Главный свидетель
Шрифт:
– Так, может, мне ее… – хохотнул Паша, – просто от настроения, ни по какой иной причине.
– Чего – тебе? – сразу словно осекся хозяин. – Чего сказал, повтори!
– Я к тому, что, если надо, можно запросто пристроить и сучку, и ее фраерка. К слову просто пришлось.
– А ты что, разве не пустой ездишь?
– Когда как… Сейчас, к примеру, есть. С собой то есть.
– Ну, Паша-а, – протянул удивленный хозяин. – Ты мне вот что скажи, парень. Ты когда был в последний раз на Тихвинской?
– Как мебель завозили, шеф. – Он назвал хозяина так, потому что тот
– Ну и когда это было?
– Давно… шеф. А что случилось? Я ж не один туда гонял.
– Вот-вот, и я о том же… А кто там еще был тогда?
– Киря… ну Ворон был. Я да Котел.
– Хреново твое дело, Паша, – сухо ответил хозяин. – Была мне нынче весточка. С Петровки. Повязали нашего Кирю. Ментовка такой шмон устроила, что ничего от твоей мебели не осталось. Как это понимать?
– Может, мне смотаться? Одна нога здесь, другая…
– Гляди вообще без ног не останься, Паша. Так вот, в Петрах Киря-то. И упредил, что Котла тоже поминали, когда его самого вязали. А я все думаю, куда он задевался? И от Ворона тоже всего одна весточка и была. И тоже молчит. Что делается, Паша? Не хочешь объяснить?
– Да я, ежели чего!..
– Ну вот и посмотрим, Паша… Сам, значит, вызвался. Иди к своему фраерку. А заодно можешь и с сучонкой поиграться. Напоследок. Чтоб не скучно ей там было. Понял меня? А после доложишь, и я скажу, что дальше тебе делать.
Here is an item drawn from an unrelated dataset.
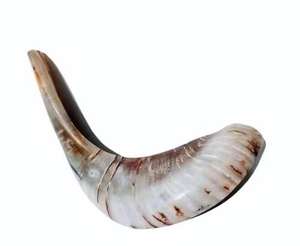 Shofar en corne de bélier original casher, entièrement poli - Instrument de musique juif artisanal et écologique - Facile à souffler, fabriqué en Israël - Product Image 3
Снял Паша наушники и сунул их в бардачок. Выбрался из машины, нажал на сигнализатор замков, машина вякнула и подмигнула фарами. Неторопливой походочкой грузного и усталого человека он отправился в подъезд, шапочку свою вязаную поплотнее на лоб натянул, воротник меховой куртки поднял, вроде как с мороза, хотя было не очень холодно, больше мело скрипучей снежной пылью, особенно на открытом месте, как здесь, на площади, перед высоткой.
Бабка дежурная спросила: к кому? Он ответил, что на двенадцатый этаж, к Юлии Марковне Поспеловской.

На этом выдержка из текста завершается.